Young had a contract with Crazy Horse that specified he could only tour with them, and so the Ducks were required to confine themselves within the city limits so as not to tour."

Imagine how cool that would have been. Apparently Crosby and Nash even sat in a couple of times. Jeff Blackburn co-wrote "My My Hey Hey (Out of the Blue), penning the iconic line, “It’s better to burn out than to fade away”. Which was famously was the last line in Curt Cobain’s suicide note.

Side note: Of that song/line, John Lennon said, “I hate it. It’s better to fade away like an old soldier than to burn out. If he was talking about burning out like Sid Vicious, forget it. I don’t appreciate the worship of dead Sid Vicious or of dead James Dean or dead John Wayne.”

Anyway, interestingly, Blackburn doesn’t even have his own Wiki page as a (single) person.

I’ve first heard of the story of the Ducks in the Neil Young biography “Shakey” by Jimmy McDonough some twenty years ago, and back then downloaded a few bootleg MP3s, but never really listened. But last year, a compilation from their concerts was released at last. It’s quite good.

If there are any English lyrics in that (either by Solomon or Seeger), I’ll be darned if I can hear it.

As part of a project to fill in some gaps in my musical knowledge I recently listened to Pressure Machine by The Killers. I posted about it here, and I thought my succinct description of it was rather good: “snapshots of a broken Middle America, abandoned by its God and ravaged by the opioid epidemic”.

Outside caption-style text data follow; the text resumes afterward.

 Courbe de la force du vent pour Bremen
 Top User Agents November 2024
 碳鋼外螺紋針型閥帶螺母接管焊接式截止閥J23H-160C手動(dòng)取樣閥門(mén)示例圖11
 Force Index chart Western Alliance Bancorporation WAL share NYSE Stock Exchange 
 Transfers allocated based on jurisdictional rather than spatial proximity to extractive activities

If that sounds a bit Nebraska-by-Springsteen-ish, it’s not an accident - Nebraska is freely acknowledged as an inspiration. Now, I’m sure most of us know the story about how Springsteen made demos for the album at home on his little four track studio and brought them into the big studio for the band to work up in their usual way; and in not very long everyone realized that actually the demos fitted the material far better than the band versions - so the demos were used on the album instead.

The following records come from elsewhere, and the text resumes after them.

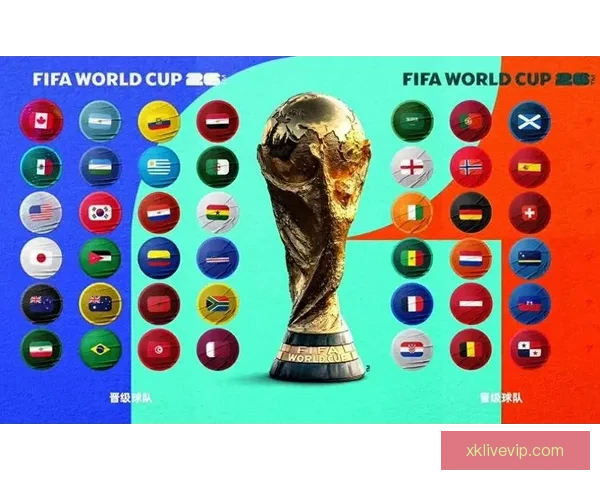 2026世界杯赛程展望与夺冠热门球队全面预测分析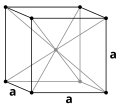 Body-centered cubic (I)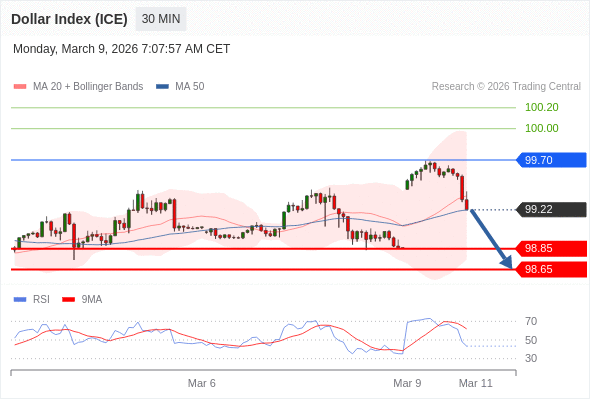 Indeks Dolar (ICE) mungkin turun 37 - 57 pip.
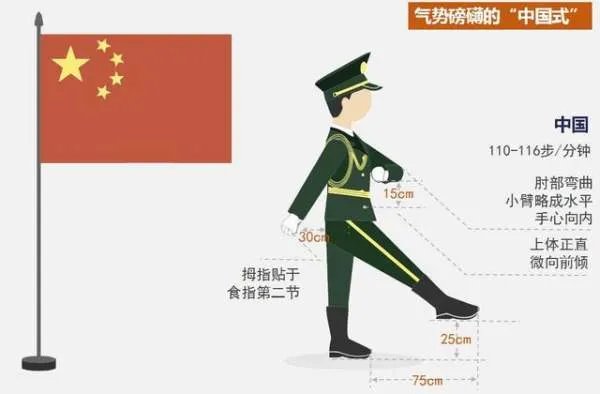 正步走的动作要领是什么?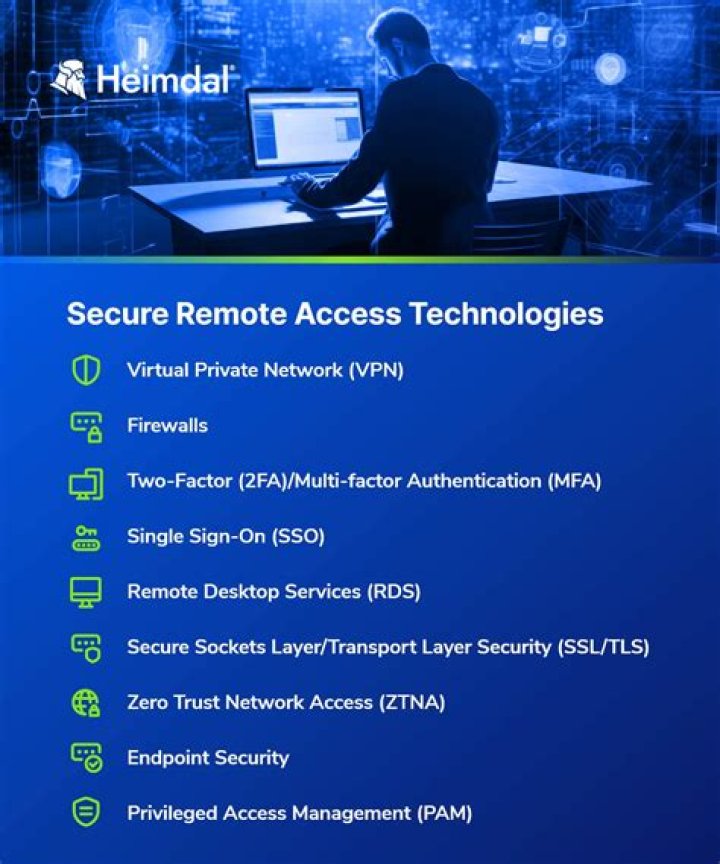 Best SSH for IoT Devices: Secure Remote Access & Management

What I never knew: there were other songs in that set of demos that didn’t make it onto Nebraska. Here’s one of them:

(There appear to be multiple demo versions of the song).

The ultimate inspiration for all of this darkness is (at least in part) the Starkweather murders. They were also the inspiration for the film Badlands and a host of other songs.